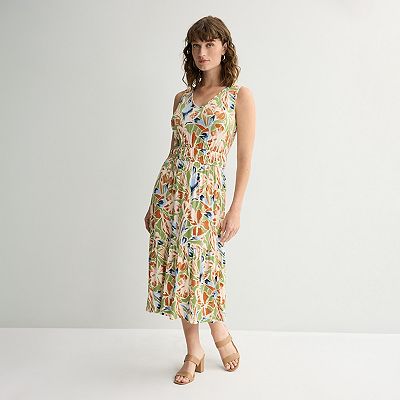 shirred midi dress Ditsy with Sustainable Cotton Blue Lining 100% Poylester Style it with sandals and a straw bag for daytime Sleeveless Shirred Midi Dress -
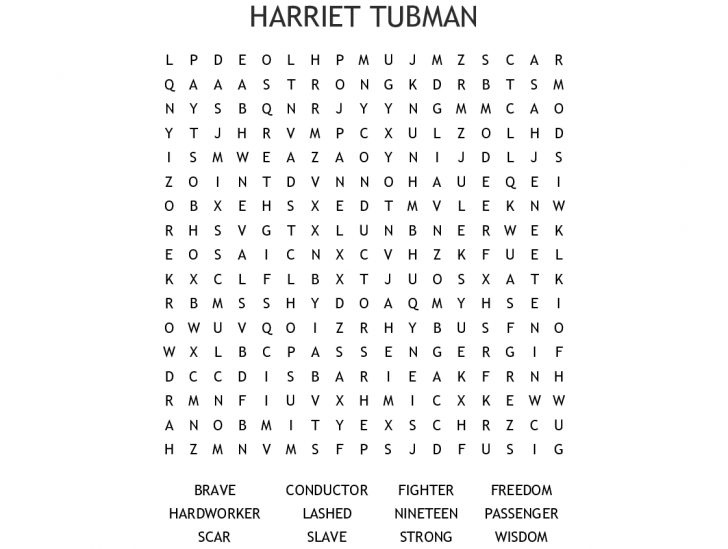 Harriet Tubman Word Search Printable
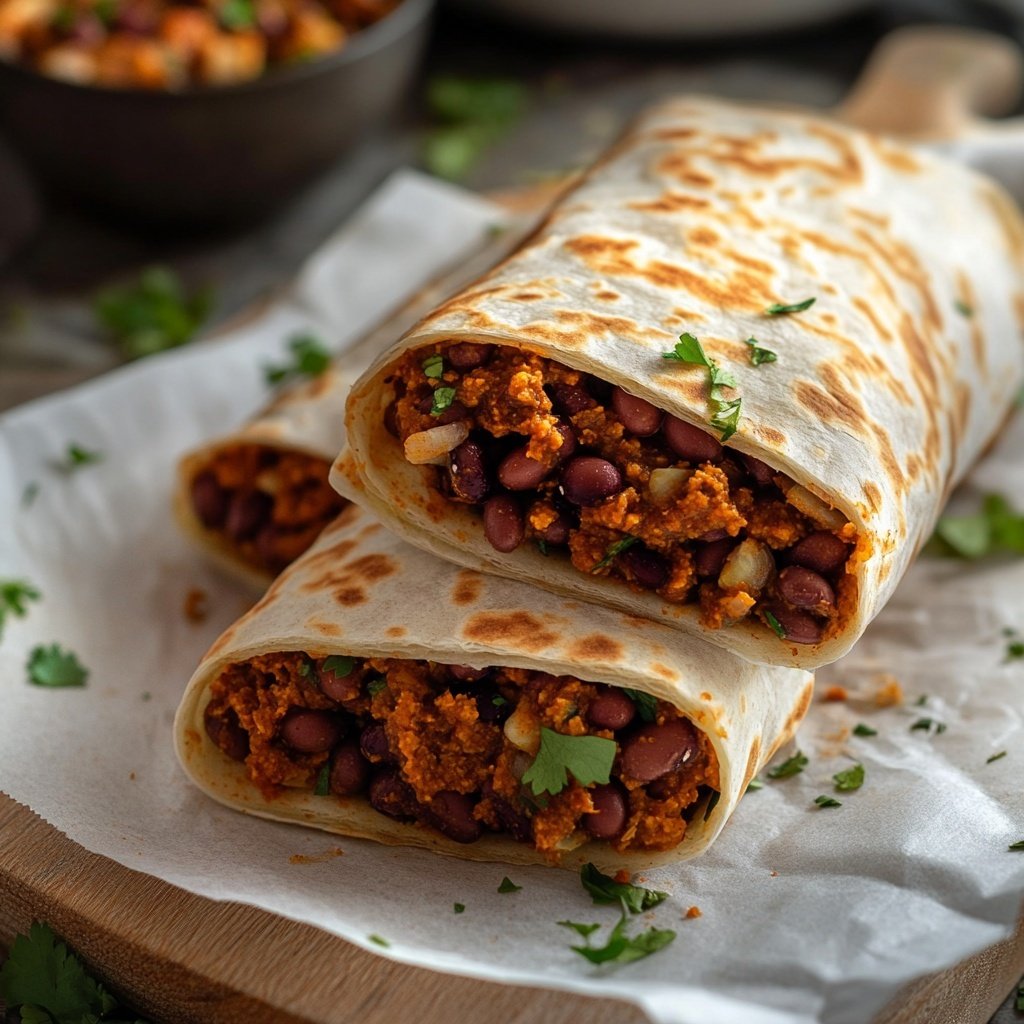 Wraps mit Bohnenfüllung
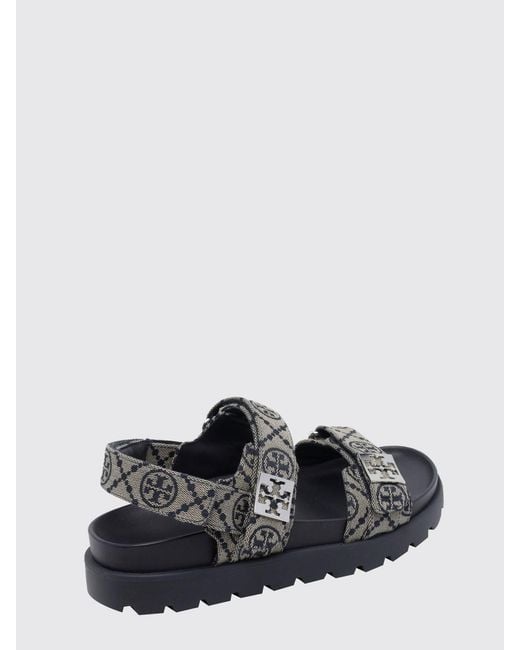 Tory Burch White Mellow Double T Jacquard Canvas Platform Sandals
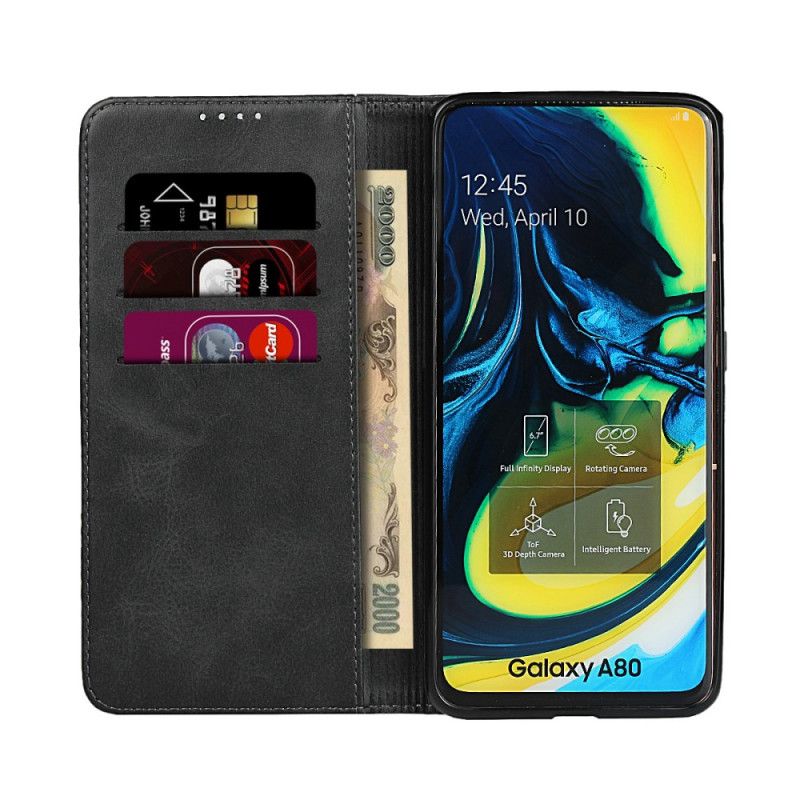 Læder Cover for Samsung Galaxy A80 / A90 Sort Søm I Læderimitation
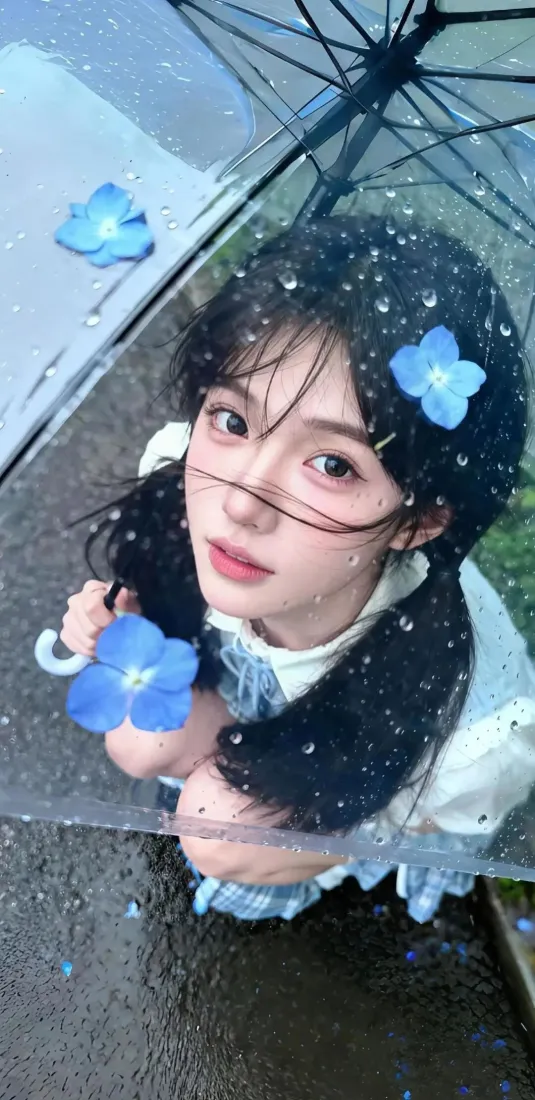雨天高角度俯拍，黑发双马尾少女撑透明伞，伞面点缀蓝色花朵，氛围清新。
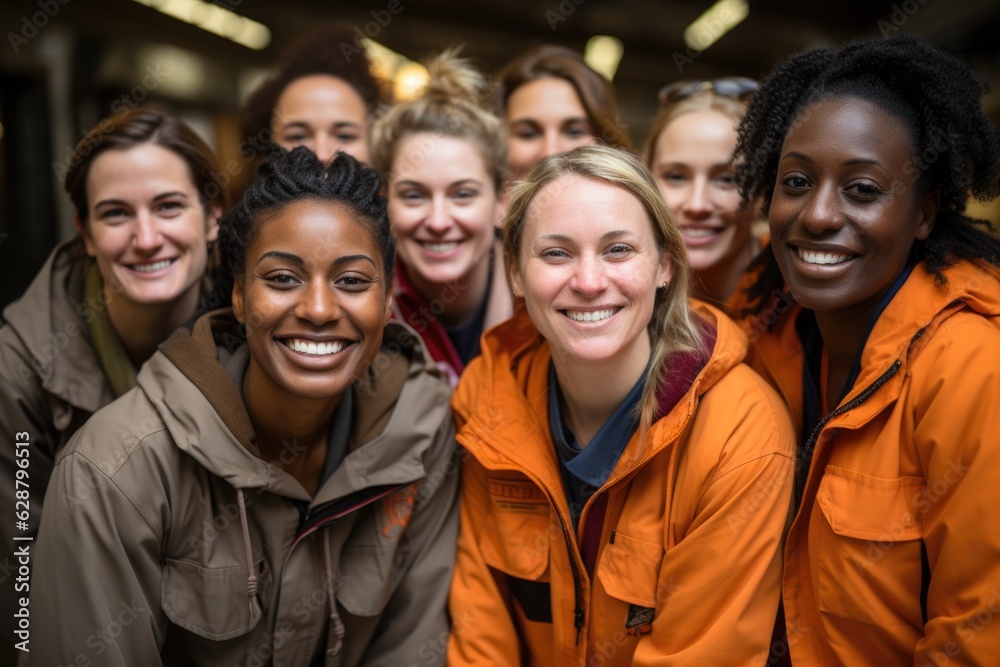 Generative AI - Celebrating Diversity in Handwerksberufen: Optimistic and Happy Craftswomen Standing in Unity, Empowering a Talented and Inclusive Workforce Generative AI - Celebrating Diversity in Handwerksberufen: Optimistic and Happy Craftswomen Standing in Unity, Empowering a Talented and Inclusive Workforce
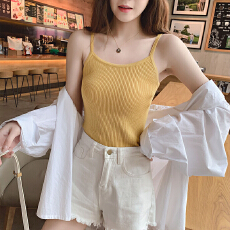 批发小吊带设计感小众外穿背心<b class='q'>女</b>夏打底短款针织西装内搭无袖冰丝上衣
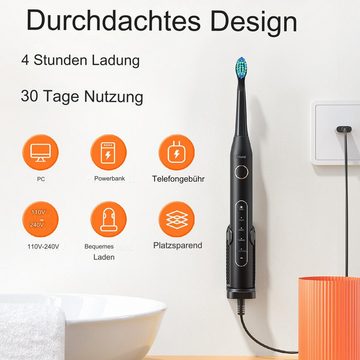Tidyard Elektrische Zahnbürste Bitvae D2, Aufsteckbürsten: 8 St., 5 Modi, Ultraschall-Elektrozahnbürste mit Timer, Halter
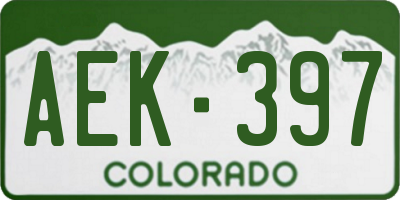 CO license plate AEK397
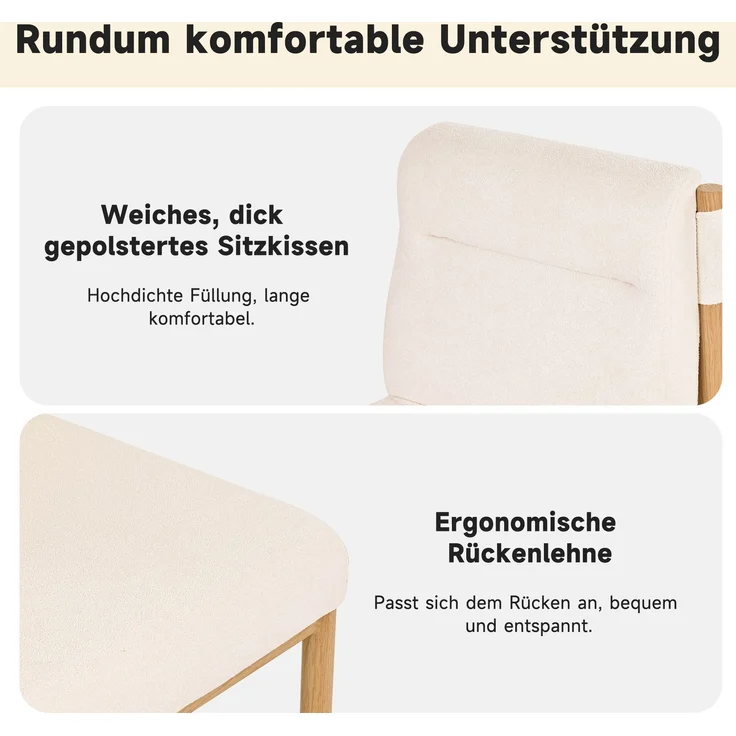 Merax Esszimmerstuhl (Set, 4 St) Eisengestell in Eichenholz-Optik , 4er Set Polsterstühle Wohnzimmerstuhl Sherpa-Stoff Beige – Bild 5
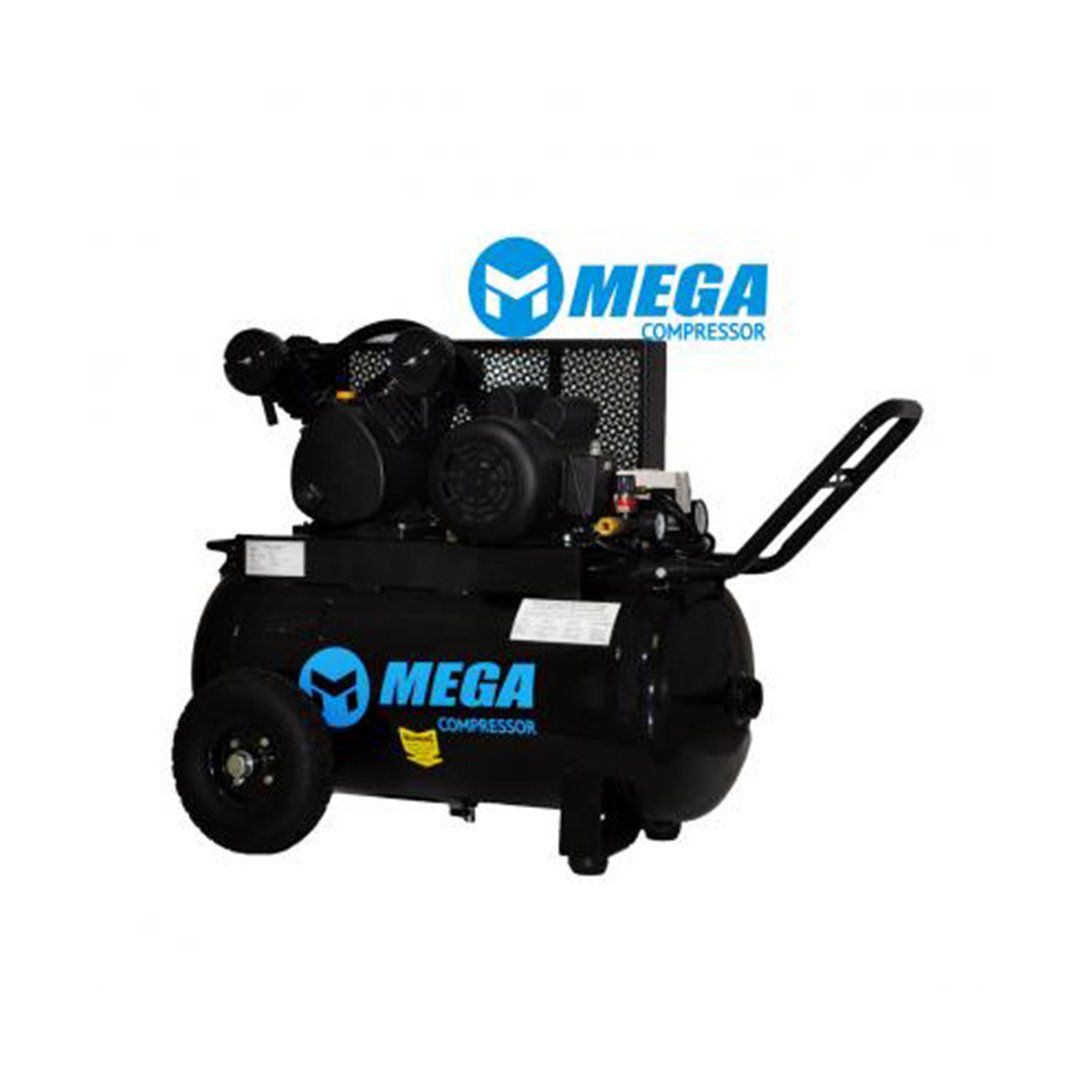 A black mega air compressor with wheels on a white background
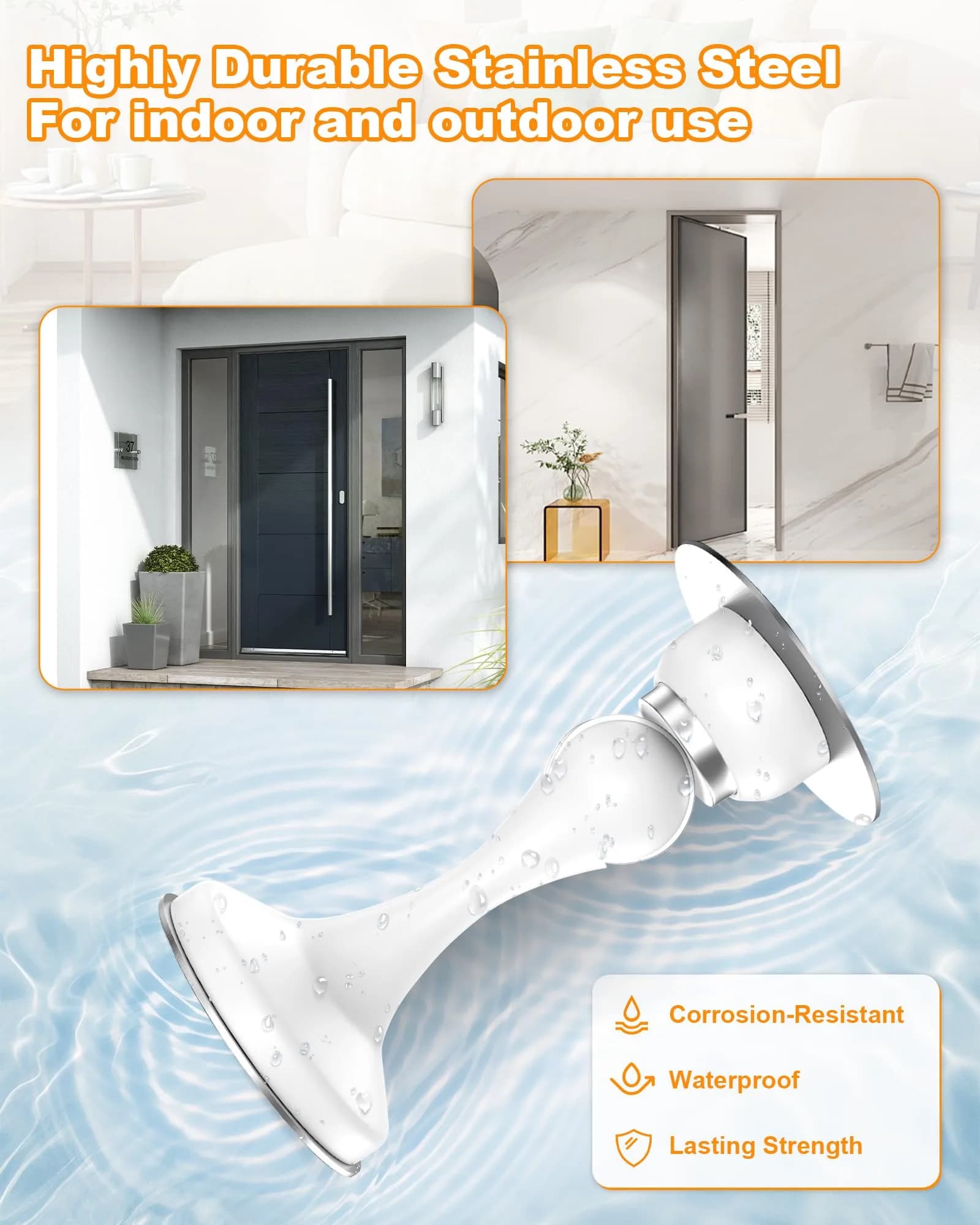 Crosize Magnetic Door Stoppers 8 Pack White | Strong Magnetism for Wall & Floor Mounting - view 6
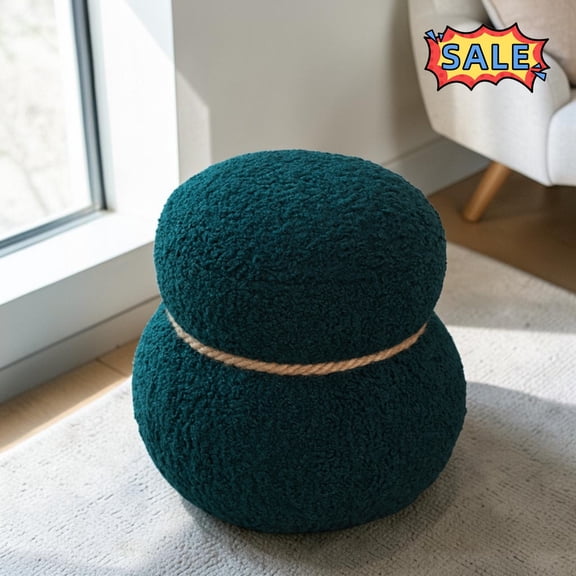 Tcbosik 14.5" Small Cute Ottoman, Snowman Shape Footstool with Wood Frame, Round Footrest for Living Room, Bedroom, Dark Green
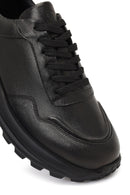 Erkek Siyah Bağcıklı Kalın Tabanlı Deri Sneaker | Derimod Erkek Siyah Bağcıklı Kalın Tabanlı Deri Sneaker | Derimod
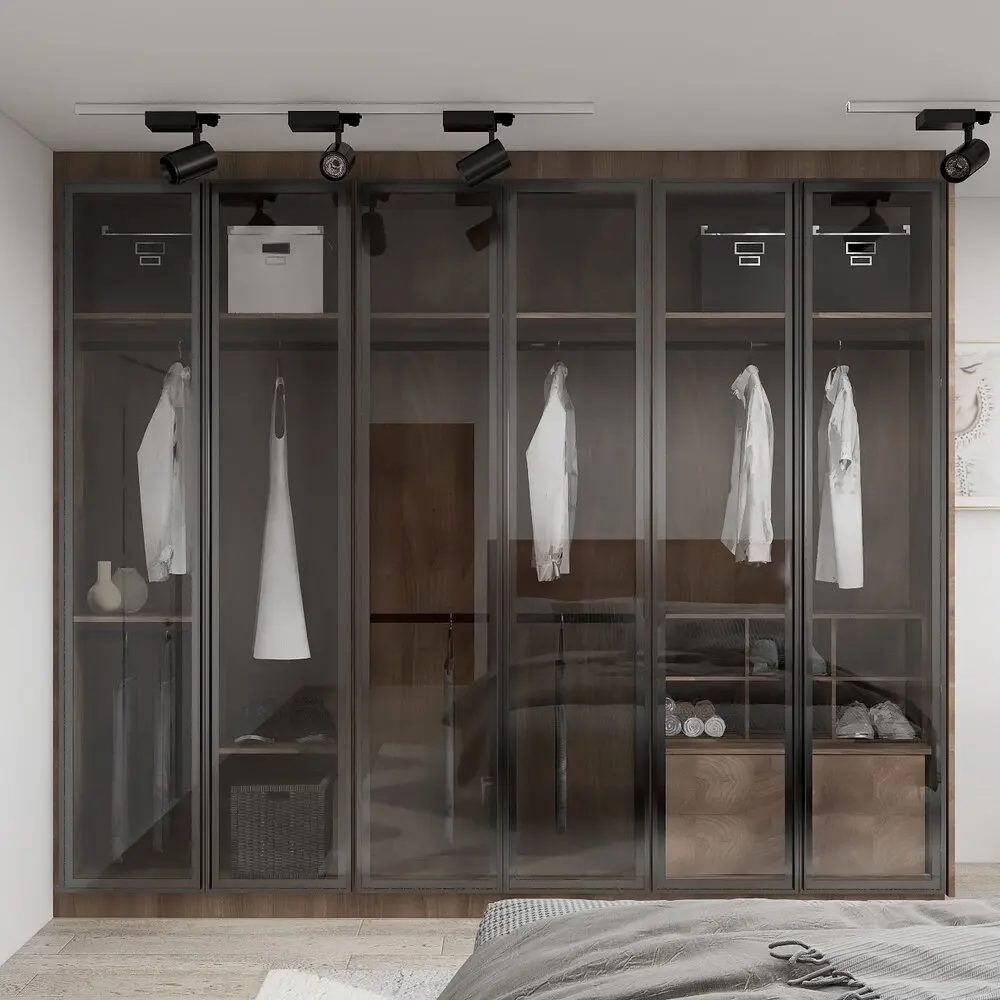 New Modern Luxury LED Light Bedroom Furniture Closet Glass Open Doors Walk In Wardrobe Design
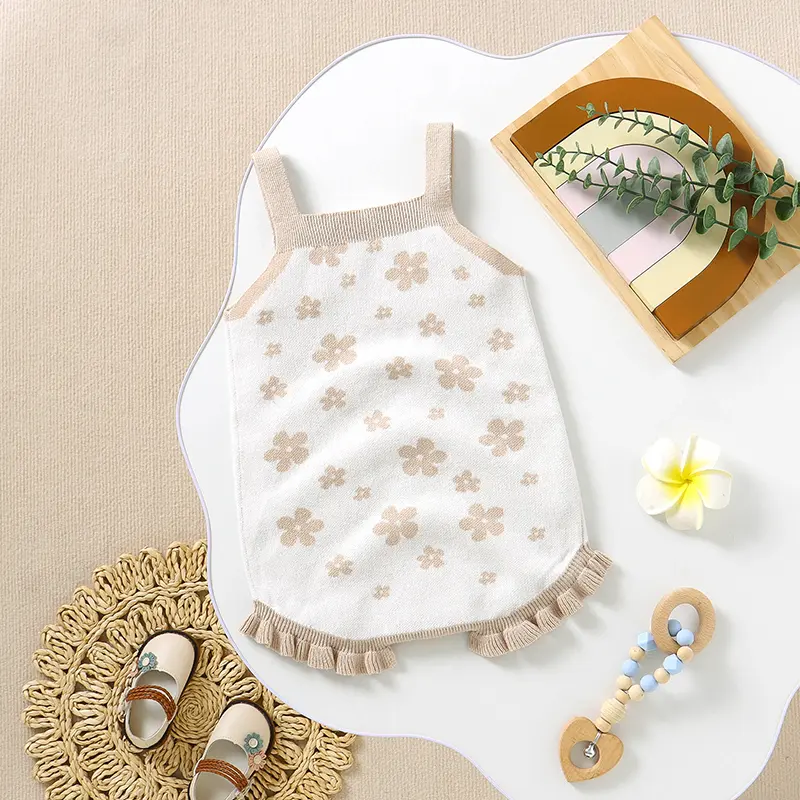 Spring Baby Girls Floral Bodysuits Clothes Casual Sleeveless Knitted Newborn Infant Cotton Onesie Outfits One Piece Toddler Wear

--

PROBLEM DETAILS: Pictures excluded, repeat the material above from its first line through the line containing "Tory Burch White", both included.

RESPONSE FOR THIS EXERCISE:
 shirred midi dress Ditsy with Sustainable Cotton Blue Lining 100% Poylester Style it with sandals and a straw bag for daytime Sleeveless Shirred Midi Dress -
 Harriet Tubman Word Search Printable
 Wraps mit Bohnenfüllung
 Tory Burch White Mellow Double T Jacquard Canvas Platform Sandals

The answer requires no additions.